Gumbopp is a small C++ library for parsing html. It uses the gumbo-parser library written by Google behind the scenes, however, you don't need to learn how to use gumbo-parser, or even have the library installed to use gumbopp.
Installation is pretty easy, the only prerequisite for installing gumbopp is a working Boost installation and a C++ compiler that support C++14.
The following commands should get everything installed for you:
git clone https://github.com/zacharygrafton/gumbopp
cd gumbopp
mkdir build
cd build
cmake -DCMAKE_INSTALL_PREFIX=/usr -DCMAKE_BUILD_TYPE=Release ..
make
make install
Documentation is currently in the works, but the library is small and easy enough to comprehend, but here is a short example anyway:
#include <iostream>
#include <gumbopp/Parser.hpp>
#include <gumbopp/Document.hpp>
#include <gumbopp/Node.hpp>
int main(int argc, char* argv[]) {
using namespace gumbopp;
// Parse some html
Document doc = Parser.parse("<html><head><title>Test</title></head>"
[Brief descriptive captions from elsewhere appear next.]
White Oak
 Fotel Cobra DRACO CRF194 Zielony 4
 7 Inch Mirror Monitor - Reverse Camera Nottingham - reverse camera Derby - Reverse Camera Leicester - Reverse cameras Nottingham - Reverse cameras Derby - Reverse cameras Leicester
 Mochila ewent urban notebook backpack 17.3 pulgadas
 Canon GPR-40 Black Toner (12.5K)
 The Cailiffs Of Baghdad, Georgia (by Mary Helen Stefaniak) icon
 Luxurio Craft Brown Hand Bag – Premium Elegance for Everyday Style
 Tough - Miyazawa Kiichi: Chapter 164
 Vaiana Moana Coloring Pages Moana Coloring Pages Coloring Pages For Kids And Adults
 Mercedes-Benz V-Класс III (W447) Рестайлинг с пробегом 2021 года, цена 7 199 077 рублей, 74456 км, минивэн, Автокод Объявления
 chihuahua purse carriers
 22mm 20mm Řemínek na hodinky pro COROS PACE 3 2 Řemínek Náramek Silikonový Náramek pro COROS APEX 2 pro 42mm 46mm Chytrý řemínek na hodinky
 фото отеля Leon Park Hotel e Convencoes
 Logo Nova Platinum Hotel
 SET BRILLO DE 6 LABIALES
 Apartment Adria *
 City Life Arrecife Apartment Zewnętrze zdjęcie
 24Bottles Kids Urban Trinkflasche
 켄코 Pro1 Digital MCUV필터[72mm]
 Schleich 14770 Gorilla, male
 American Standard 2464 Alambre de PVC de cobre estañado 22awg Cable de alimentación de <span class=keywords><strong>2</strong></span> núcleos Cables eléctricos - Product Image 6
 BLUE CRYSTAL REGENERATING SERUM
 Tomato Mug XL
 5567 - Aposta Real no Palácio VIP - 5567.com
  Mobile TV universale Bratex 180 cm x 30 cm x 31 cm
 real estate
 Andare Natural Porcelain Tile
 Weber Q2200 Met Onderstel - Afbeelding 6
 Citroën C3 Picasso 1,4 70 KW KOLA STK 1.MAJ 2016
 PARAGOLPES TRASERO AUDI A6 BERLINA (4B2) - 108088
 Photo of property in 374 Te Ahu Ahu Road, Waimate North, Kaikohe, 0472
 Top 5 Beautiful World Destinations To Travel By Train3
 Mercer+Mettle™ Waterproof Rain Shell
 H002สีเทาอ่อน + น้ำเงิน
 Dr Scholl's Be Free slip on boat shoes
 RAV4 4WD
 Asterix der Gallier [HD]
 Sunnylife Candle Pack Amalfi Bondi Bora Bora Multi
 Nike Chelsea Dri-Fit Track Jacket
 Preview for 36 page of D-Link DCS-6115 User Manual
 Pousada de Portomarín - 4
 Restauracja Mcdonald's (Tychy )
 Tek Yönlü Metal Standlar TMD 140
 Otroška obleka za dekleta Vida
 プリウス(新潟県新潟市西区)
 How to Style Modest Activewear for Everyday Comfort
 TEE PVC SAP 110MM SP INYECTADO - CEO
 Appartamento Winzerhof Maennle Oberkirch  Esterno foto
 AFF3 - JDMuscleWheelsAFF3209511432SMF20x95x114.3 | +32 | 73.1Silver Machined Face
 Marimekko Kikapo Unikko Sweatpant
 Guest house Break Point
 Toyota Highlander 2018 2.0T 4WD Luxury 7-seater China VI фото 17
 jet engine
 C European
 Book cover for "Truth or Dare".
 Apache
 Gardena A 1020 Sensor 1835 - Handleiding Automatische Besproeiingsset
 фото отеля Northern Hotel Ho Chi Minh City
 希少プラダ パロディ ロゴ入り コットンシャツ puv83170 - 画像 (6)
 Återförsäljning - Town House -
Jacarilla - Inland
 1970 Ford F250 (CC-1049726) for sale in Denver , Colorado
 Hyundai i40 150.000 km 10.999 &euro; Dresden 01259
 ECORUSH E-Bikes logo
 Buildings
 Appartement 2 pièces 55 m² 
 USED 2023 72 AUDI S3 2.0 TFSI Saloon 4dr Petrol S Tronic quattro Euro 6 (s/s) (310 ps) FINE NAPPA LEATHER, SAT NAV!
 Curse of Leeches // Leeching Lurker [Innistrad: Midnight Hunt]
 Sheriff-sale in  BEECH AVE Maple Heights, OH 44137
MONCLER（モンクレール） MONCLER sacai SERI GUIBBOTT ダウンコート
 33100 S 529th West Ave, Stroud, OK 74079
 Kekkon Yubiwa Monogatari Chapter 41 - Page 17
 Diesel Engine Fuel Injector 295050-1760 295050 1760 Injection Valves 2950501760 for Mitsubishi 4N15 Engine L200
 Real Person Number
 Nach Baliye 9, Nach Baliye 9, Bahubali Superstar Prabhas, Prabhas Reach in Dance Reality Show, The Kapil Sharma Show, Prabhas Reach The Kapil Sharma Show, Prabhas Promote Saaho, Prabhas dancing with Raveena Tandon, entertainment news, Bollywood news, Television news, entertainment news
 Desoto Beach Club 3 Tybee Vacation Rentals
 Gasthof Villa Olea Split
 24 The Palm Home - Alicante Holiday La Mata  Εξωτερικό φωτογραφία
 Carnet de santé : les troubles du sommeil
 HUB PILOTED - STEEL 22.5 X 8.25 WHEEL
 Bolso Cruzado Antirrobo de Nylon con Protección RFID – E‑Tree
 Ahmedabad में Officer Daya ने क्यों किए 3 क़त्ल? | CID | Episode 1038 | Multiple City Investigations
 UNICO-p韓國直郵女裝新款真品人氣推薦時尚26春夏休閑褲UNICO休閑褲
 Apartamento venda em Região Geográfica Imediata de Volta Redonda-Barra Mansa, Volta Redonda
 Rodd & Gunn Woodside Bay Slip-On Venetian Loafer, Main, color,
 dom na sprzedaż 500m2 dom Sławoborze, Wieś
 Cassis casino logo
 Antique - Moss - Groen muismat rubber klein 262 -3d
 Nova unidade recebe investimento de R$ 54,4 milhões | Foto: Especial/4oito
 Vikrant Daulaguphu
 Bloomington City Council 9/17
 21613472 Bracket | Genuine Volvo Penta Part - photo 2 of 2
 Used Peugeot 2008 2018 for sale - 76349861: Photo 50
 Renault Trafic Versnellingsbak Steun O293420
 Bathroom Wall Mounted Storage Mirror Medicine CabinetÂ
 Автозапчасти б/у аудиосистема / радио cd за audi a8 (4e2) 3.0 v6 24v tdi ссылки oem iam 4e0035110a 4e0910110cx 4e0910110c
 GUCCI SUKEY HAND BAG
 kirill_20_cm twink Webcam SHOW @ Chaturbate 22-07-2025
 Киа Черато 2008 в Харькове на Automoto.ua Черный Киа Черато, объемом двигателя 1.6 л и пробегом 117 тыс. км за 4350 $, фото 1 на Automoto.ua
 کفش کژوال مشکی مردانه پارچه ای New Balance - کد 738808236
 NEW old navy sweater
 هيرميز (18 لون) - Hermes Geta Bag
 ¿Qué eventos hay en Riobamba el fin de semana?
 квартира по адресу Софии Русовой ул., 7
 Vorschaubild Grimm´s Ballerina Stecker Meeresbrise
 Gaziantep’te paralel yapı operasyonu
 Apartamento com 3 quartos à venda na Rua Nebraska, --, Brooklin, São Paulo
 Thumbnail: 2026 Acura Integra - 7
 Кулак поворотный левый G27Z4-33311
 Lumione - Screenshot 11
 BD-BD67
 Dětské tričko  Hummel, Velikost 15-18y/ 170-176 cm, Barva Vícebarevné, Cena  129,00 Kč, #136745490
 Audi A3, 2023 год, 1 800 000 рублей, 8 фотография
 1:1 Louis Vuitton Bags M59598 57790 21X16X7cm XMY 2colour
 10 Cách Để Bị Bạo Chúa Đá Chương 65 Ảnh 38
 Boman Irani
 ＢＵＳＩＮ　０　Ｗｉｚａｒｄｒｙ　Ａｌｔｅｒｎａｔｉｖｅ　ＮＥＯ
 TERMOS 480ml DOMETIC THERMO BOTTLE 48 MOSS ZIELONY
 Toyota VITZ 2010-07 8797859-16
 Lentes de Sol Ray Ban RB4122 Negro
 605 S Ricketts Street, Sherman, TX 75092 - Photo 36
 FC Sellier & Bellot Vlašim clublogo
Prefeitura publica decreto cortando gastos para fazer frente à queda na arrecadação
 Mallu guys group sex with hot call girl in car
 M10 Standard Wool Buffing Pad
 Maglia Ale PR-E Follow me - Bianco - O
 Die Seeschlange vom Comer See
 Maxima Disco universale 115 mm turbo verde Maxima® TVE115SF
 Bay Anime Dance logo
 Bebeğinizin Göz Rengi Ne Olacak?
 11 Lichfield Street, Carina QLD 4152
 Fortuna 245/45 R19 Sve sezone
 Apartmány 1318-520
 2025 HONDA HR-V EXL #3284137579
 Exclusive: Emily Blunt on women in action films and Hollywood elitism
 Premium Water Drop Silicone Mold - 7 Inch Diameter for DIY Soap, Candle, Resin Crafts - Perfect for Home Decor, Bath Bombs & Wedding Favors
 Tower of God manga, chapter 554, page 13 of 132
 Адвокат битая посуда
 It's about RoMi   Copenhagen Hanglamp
"<body><p>Test</p></body></html>");
// Get the root node of the document, which in this
// case should be the <html> tag
Node root = doc.GetRoot();
// Print out the name of the element, in this case it should
// be "html"
std::cout << root.GetElement() << std::endl;
return 0;
}
Contributions are always welcome, just follow some simple guidelines and I'll accept them without complaint or fuss.
- Roughly follow the LLVM coding guidelines (I'm not too picky)
- Issue pull requests against the develop branch, always
- Be polite